In my thesis I demonstrate how one can use semantic technologies in the process of designing and building data warehouses; more specifically in realizing the data loading processes that move data from a normalized source to the dimensional data-marts.

I explain the background and the fundamental concepts of both fields: data warehousing and semantic technologies. I provide a detailed description of the data loading process, which can serve as a starting point in developing an ontology expressing the conceptual model of the domain.
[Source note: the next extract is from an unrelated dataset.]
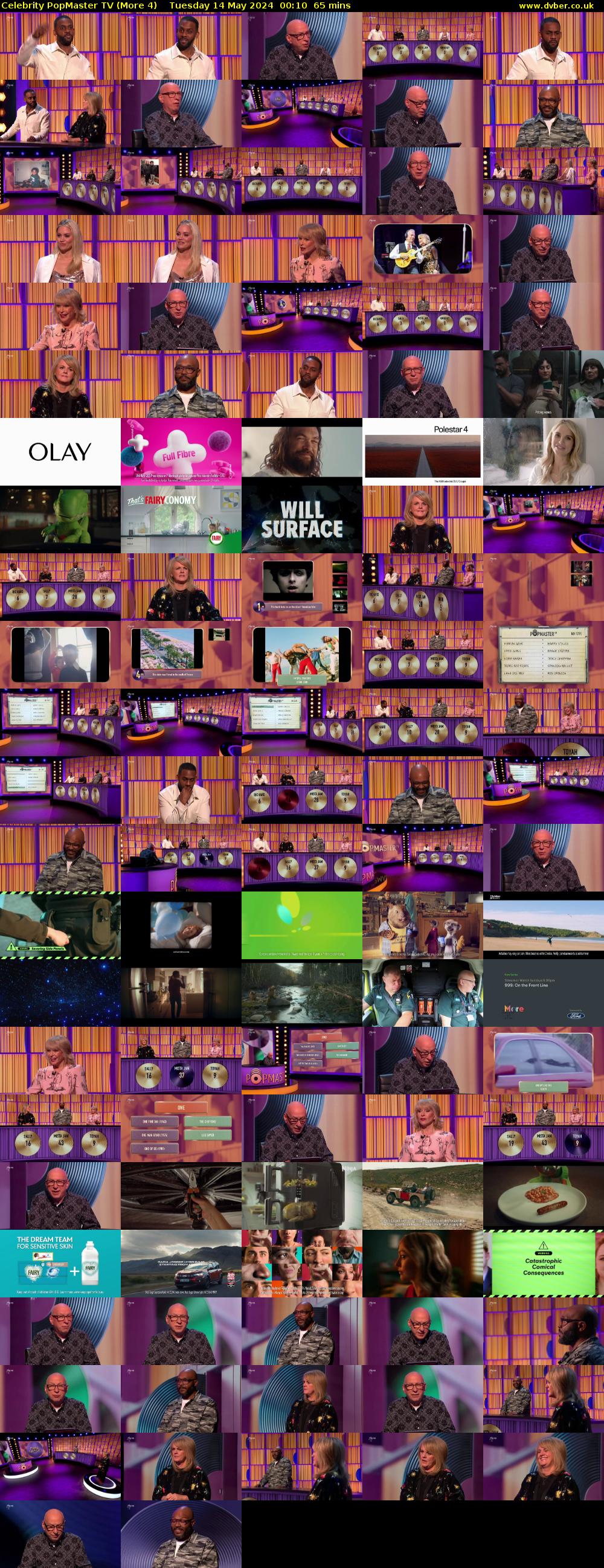 Celebrity PopMaster TV (More 4) Tuesday 14 May 2024 00:10 - 01:15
The most important consideration during the development of the conceptual model was to produce something that is more than just a technical solution to issue. The model is consistent with the fundamental terms of data warehousing and it is extensible in a way that it can be made capable of supporting both the initial construction and the long term maintenance (including the continuous upgrading) of data warehouses.
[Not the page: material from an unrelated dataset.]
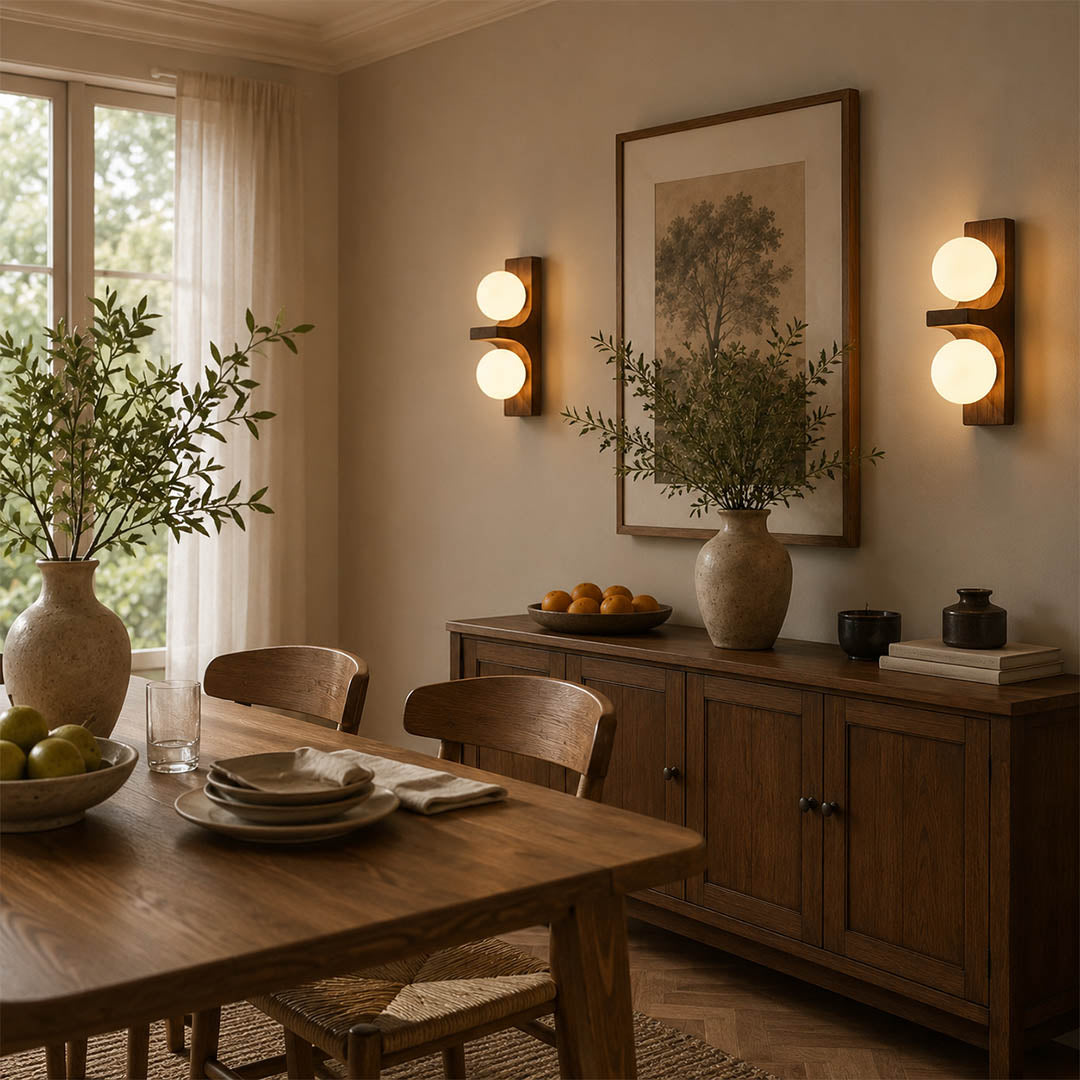 Verena double wall sconce living room sofa side wood glass globe warm ambient natural American home lifestyle interior styled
Several semantic formalisms (and some related tools) are described and evaluated against the needs of the model. OWL and Protégé Frames were the ones that fitted the needs the most, so I implemented the ontology using these technologies. I have developed a Protégé Frames plugin to process the ontology and generate the SQL scripts.

Through an example I explain the way the ontology can be used for the automation of the data loading process and I give a detailed description of the SQL scripts that are generated to execute the actual load process.

The ontology files, the Oracle test database and the executable as well as the source code of the Protégé plugin are all provided as enclosure to the thesis.